As a physical element Copper works well as a suitable conductor for your speaker cables. Despite claims to contrary, God holds the patent, not Monster cable or anyone else, nor does Magick Faerie Dust or liquid nitrogen treatment make it behave any differently.

Graham

Reply to
Eeyore

Bwahahahahhahahahaa !

Were you born gullible ?

Graham

Reply to
Eeyore

--- Try this test:

Go to your nearest Home Depot, Lowe's, etc. and buy yourself a 14 gauge extension cord as long as both of your present cables.

Cut it in half, strip and tin the ends or do whatever you have to to get the ends connected between the amp and the speakers.

Play something, listen to it, disconnect the cables from the stereo, reconnect the expensive cables and listen again.

If you can't tell the difference take the expensive cables back and get a refund.

If you think you _can_ tell the difference, then get someone to hook up the cables so you won't know which is which and listen again. Have whoever is doing the connecting keep track of which cable is which and to switch them around while you say what sounds better or worse, and to keep track of your responses for each switch.

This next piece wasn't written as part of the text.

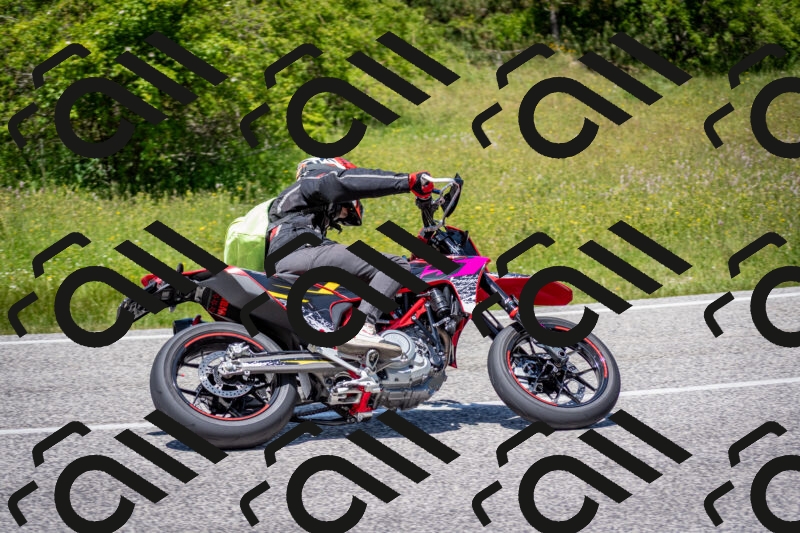 202506081324-DSC_7647_c2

Not quite double-blind, but close enough, and I'd be willing to bet that you wouldn't be able to tell the difference between the expensive cables and the extension cord. :-)

JF

Reply to
John Fields

Yes, there is a difference. The question, as JF has said, is whether or not it matters to your ears. If you could hear a sonic difference, I think you could get a job as an equipment reviewer at one of those high-end audio magazines evaluating "soundstages" and such. But let's assume you have merely a mortal's ears. There is another factor in play: fun. Yes, there's something satisfying about knowing that the path between your amp and speakers has enough copper in it to start a car. To get the maximum fun, you should think about building this stuff, rather than plunking down big bux for high-end cables (unless you're filthy rich and would rather spend the time disrobing pretty females, etc.).

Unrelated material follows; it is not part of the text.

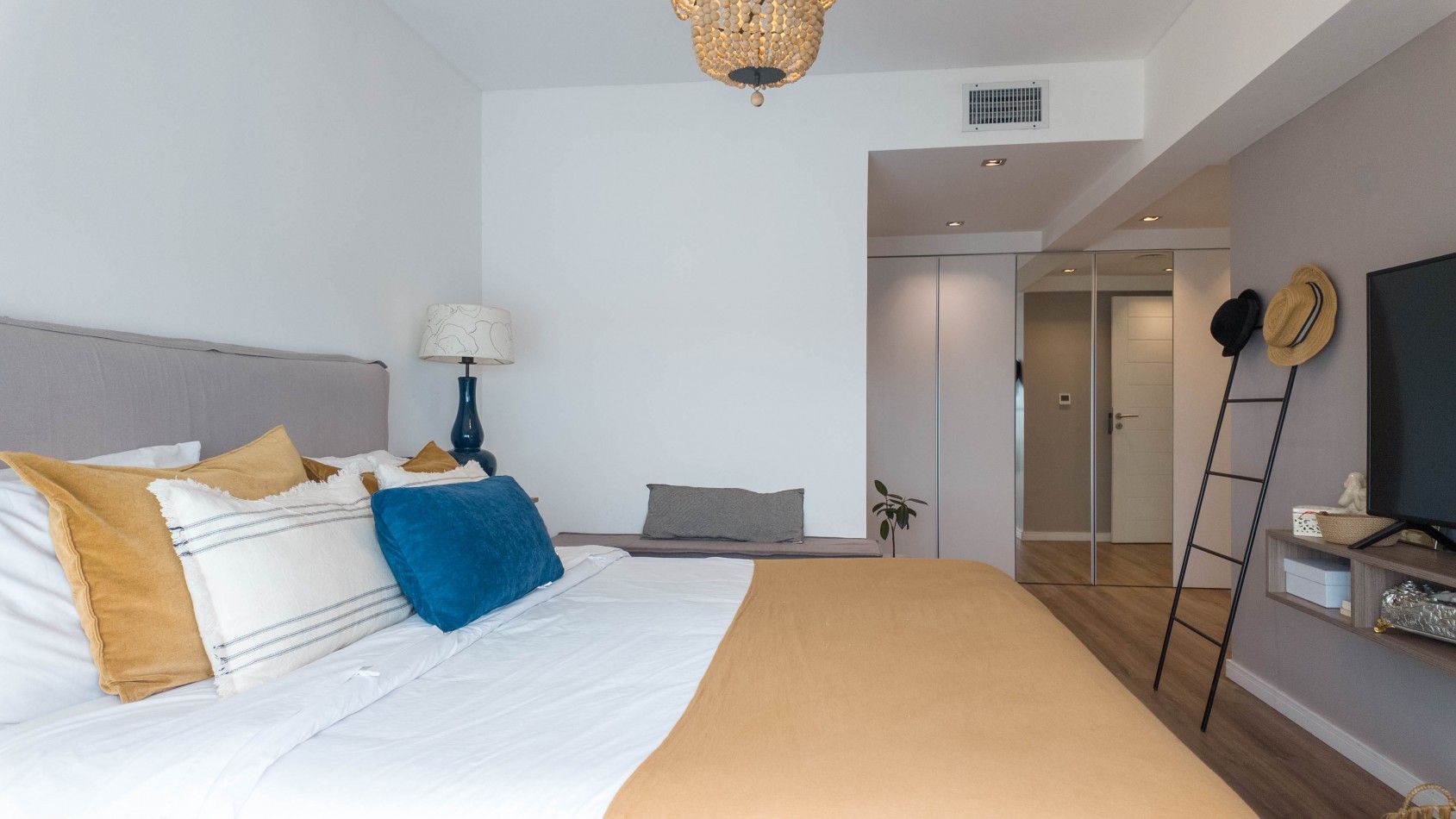 Piso premium 4 ambientes con gran terraza, parrilla y jacuzzi - Cochera - Edificio de categoria - Remedios de escalada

One thing you should know about is skin effect (no, nothing to do with disrobing). As the sonic frequencies increase, the current is forced closer to the outside of the conductor (the skin). If high enough, say radio frequencies, all of the current is in the skin, so hollow pipes will do fine and not waste copper. Or plate the skin with a better conductor, like silver. Commercially, dividing the conductor up into many insulated wires is an attempt to increase the skin area and minimize the impedance.

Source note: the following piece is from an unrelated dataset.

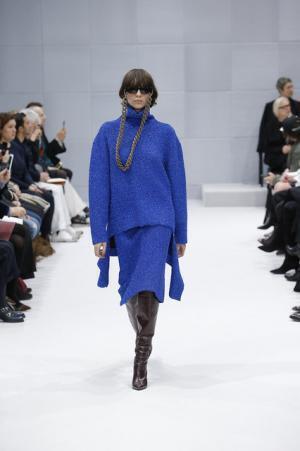 デムナ・ヴァザリアによる新生バレンシアガ【16-17AWウィメンズ】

Now for some more fun. Suppose you took 2-inch-diameter copper water pipes and ran them parallel to each other as the speaker conductors? Or whatever diameter will give you enough crosssectional area equivalent to Monster cables. The skin area would be huge. And (here's the fun part) if you polish them up like a mirror (and lacquer them to stay that way), they would look like you have your own haydron collider! Yes, I know water pipe is not "oxygen-free copper" (Wiki it), but it would still look cool, and you could at least have the satisfaction of knowing that even if it is not the best there is, you are so close to it that you needn't strain yourself trying to hear the difference. After all, just relaxing and enjoying the music should probably rank up at the top of all this, shouldn't it? Or perhaps just below the disrobing.

Reply to
spambh

i was using a bunch of left over Romex for speaker cables for years. didn't notice any roll off of the highs, but then i'm an olding male so have no hearing worth a damn anyway. but the advantage was that with my little rogers ls3/5a minimonitors, the wires served as their own speaker stand.

Reply to
z

you want to have an optimal system; try soldering the speaker wire at each end. most folks don't disassemble their stereo that often, and even if the connections are good when new they often deteriorate with age, no matter what the setup; phono plugs, screws, etc. anyway, my point is that the difference between lamp cord of adequate wire size and the best million dollar solid silver cable, if any, will be much much less than the difference between a good connection, i.e. soldered, and a connection that's starting to get oxidized and/or loose.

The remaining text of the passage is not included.